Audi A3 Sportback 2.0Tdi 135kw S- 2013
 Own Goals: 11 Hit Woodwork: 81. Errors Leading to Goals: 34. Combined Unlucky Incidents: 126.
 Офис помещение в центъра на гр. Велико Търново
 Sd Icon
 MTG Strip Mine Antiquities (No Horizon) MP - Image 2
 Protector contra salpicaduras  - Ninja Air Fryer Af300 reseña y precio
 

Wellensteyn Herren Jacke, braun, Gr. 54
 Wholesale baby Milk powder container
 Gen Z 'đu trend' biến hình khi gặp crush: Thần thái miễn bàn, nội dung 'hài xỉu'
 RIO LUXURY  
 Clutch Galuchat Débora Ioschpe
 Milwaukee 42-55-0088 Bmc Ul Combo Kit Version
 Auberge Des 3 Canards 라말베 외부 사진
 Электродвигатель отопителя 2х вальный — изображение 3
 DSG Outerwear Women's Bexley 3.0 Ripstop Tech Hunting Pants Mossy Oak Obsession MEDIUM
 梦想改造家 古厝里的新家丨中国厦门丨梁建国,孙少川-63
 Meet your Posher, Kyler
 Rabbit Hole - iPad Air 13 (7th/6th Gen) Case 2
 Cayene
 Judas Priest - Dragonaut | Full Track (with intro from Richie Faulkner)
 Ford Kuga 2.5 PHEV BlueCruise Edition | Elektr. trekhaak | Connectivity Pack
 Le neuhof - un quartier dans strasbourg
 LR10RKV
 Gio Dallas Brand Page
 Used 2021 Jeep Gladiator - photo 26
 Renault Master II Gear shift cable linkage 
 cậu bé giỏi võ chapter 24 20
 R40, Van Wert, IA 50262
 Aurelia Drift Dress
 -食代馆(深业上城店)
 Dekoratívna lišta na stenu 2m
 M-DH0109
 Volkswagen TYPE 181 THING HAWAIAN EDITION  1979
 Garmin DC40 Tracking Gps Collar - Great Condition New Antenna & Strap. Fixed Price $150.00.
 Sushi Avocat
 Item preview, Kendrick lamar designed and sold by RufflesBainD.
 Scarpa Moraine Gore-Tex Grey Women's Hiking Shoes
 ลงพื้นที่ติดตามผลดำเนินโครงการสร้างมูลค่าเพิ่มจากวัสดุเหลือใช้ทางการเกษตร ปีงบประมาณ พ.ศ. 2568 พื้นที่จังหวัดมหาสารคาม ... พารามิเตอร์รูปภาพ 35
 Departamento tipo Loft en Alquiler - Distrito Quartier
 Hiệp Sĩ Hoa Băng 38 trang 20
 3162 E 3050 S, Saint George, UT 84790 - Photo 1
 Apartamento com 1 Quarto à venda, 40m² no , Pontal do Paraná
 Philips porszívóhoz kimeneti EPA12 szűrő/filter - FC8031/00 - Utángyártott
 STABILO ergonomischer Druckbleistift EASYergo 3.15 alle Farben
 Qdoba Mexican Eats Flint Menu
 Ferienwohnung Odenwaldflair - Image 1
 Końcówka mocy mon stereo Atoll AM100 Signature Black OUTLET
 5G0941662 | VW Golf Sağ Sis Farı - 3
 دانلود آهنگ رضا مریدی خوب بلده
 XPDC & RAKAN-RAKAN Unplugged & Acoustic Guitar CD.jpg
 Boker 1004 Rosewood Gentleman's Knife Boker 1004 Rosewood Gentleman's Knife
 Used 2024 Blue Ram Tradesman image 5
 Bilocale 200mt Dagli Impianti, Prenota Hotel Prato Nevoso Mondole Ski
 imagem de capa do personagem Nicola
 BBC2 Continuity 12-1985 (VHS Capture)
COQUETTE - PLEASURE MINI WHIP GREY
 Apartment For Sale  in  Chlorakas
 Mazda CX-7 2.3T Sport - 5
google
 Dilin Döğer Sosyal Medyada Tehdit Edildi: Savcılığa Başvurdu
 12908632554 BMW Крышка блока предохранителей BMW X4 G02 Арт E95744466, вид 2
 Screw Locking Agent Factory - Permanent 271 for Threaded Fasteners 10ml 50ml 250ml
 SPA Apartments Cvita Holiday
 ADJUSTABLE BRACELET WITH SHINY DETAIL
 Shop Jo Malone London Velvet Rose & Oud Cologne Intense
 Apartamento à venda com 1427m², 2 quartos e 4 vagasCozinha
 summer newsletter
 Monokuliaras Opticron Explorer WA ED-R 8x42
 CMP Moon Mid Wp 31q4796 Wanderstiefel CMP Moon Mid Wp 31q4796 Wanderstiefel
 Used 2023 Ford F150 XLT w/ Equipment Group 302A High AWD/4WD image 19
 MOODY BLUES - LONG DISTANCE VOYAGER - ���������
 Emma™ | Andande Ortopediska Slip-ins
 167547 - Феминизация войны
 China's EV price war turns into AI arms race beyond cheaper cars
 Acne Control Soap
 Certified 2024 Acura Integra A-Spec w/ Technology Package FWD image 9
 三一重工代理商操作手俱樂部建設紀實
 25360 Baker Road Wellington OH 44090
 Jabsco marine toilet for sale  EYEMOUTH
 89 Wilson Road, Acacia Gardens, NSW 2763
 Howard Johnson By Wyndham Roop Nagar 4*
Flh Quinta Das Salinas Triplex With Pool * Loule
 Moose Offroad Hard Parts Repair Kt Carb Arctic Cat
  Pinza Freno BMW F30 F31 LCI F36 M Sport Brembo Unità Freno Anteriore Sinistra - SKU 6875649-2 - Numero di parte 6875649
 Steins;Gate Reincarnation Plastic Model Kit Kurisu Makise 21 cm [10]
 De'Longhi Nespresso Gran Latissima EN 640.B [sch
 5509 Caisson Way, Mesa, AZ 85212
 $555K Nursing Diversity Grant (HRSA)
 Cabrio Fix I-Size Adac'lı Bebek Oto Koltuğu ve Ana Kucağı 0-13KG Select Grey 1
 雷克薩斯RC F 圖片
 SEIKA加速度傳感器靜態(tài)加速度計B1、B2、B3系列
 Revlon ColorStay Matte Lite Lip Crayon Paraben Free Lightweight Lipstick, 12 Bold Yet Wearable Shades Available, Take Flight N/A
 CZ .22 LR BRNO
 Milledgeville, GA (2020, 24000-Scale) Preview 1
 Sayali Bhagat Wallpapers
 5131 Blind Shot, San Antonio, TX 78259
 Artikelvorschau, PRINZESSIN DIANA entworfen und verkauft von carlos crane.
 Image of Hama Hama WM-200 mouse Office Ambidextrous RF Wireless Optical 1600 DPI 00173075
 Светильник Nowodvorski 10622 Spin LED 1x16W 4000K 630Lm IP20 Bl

_ _ _ _ _

## What you should do
Working from the data above, extract solely the lines from the one containing "Ferienwohnung Odenwaldflair - Image 1" through the one containing "Boker 1004 Rosewood Gentleman's Knife Boker", exactly as they appear, both included.

## Task answer
 Ferienwohnung Odenwaldflair - Image 1
 Końcówka mocy mon stereo Atoll AM100 Signature Black OUTLET
 5G0941662 | VW Golf Sağ Sis Farı - 3
 دانلود آهنگ رضا مریدی خوب بلده
 XPDC & RAKAN-RAKAN Unplugged & Acoustic Guitar CD.jpg
 Boker 1004 Rosewood Gentleman's Knife Boker 1004 Rosewood Gentleman's Knife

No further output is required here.